The optimal measurement of intravascular fluid status during the immediate fluid resuscitation phase of burn treatment is: a. blood urea nitrogen. b. daily weight. c. hourly intake and urine output. d. serum potassium

c. hourly intake and urine output.

In patients with extensive burns, edema occurs in both burned and unburned areas because of: a. catecholamine-induced vasoconstriction. b. decreased glomerular filtration. c. increased capillary permeability. d. loss of integument barrier.

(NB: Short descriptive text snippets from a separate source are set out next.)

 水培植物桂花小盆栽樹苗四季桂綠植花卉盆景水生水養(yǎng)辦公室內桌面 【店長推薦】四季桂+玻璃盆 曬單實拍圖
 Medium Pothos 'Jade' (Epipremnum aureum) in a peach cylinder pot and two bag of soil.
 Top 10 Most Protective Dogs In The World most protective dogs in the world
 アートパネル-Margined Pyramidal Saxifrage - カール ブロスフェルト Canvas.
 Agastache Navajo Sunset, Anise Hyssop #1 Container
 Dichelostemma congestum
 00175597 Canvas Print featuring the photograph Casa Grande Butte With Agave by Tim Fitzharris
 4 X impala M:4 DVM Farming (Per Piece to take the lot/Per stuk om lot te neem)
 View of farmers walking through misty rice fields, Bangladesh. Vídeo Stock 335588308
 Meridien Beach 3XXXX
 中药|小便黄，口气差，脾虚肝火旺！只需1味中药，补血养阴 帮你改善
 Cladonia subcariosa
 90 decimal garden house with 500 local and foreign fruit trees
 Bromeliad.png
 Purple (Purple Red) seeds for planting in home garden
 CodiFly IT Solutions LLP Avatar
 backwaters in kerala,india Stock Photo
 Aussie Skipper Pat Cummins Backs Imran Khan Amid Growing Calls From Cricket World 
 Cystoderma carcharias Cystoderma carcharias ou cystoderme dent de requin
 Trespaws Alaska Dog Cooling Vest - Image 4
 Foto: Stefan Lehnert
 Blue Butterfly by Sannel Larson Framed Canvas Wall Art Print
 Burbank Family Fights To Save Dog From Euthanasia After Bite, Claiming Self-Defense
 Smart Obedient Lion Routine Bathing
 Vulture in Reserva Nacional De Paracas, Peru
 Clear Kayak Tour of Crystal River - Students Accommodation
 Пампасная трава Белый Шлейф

c. increased capillary permeability.

Tissue damage from burn injury activates an inflammatory response that increases the patients risk for: a. acute kidney injury. b. acute respiratory distress syndrome. c. infection. d. stress ulcers.

c. infection.

A patient with a 60% burn in the acute phase of treatment develops a tense abdomen, decreasing urine output, hypercapnia, and hypoxemia. Based on this assessment, the nurse anticipates interventions to evaluate and treat the patient for: a. acute kidney injury. b. acute respiratory distress syndrome. c. intraabdominal hypertension. d. disseminated intravascular coagulation disorder

c. intraabdominal hypertension.

The nurse caring for a patient admitted with burns over 30% of the body surface will recognize that the patient has moved from the emergent to the acute phase of the burn injury when a. white blood cell levels decrease. b. blisters and edema have subsided. c. the patient has large quantities of pale urine. d. the patient has been hospitalized for 48 hours.

c. the patient has large quantities of pale urine.